A New Jersey congressman has been named as the most bipartisan Democrat in the U.S. House of Representatives by the Lugar Center a Georgetown University, which tracks votes in the House and Senate
Rep. Josh Gottheimer (D-Wyckoff) ranked third overall in the House, with Rep. Christopher Smith (R-Hamilton) ranking fifth out of 437 Members of Congress and non-voting delegates in 2019 and 2020. Smith, who is serving his 20th term in Congress, has long been viewed as having an ability to work across the aisle.
“I’m incredibly proud to be named the most bipartisan House Democrat of the 116th Congress. Now, more than ever, we see the importance of putting country and governing over partisan politics and gridlock, said Gottheimer. “I’m going to continue working together with anyone, Democrat or Republican, if the end result is good for Jersey and lives up to our values. That’s the only way we’ll actually solve the problems facing our nation and our communities.”
The Lugar Center excluded Rep.
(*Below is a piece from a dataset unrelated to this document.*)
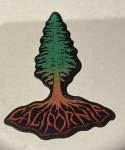 santa cruz redwood tree magnet tim ward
Jeff Van Drew (R-Dennis) from the bi-partisanship rankings because he switched parties after his first year in Congress. As a Democrat in 2019, Van Drew was ranked 20th.
The other members of the New Jersey House delegation: Reps. Andy Kim (D-Moorestown) ranked #75; Mikie Sherill was at # 188; Tom Malinowski (D-Ringoes) placed at # 131; Bill Pascrell came in at # 140; Donald Norcross (D-Camden) is at # 183, Donald Payne Jr. finished at # 227, Frank Pallone (D-Long Branch) at # 240, Albio Sires (D-West New York) at # 294.
The most partisan House member from New Jersey is Rep. Bonnie Watson Coleman (D-Ewing), who was ranked 402nd out of 437.
To put the numbers in some perspective: Rep. Alexandria Ocasio-Cortez finished 427th on the bi-partisan score list,
In the U.S. Senate, Bob Menendez was ranked 45th and Cory Booker came in 90th.
Rep. Lee Zeldin, a Long Island congressman who is seeking the Republican nomination for Governor of New York next year, ranked 19th overall.
Gottheimer is the Co-Chair of the bipartisan House Problem Solvers Caucus.
The Lugar Center, named for former Senate Foreign Relations Committee Chairman Richard Lugar, promoted informed debates on world issues. Lugar spent 36 years in the U.S. Senate and was seeking re-election to a 7th term in 2012 when he lost a Republican primary to Richard Mourdock.
In heavily Republican Indiana, Mourdock lost the general election to Democrat Joe Donnelly after suggesting that rape was “something that God intended to happen.”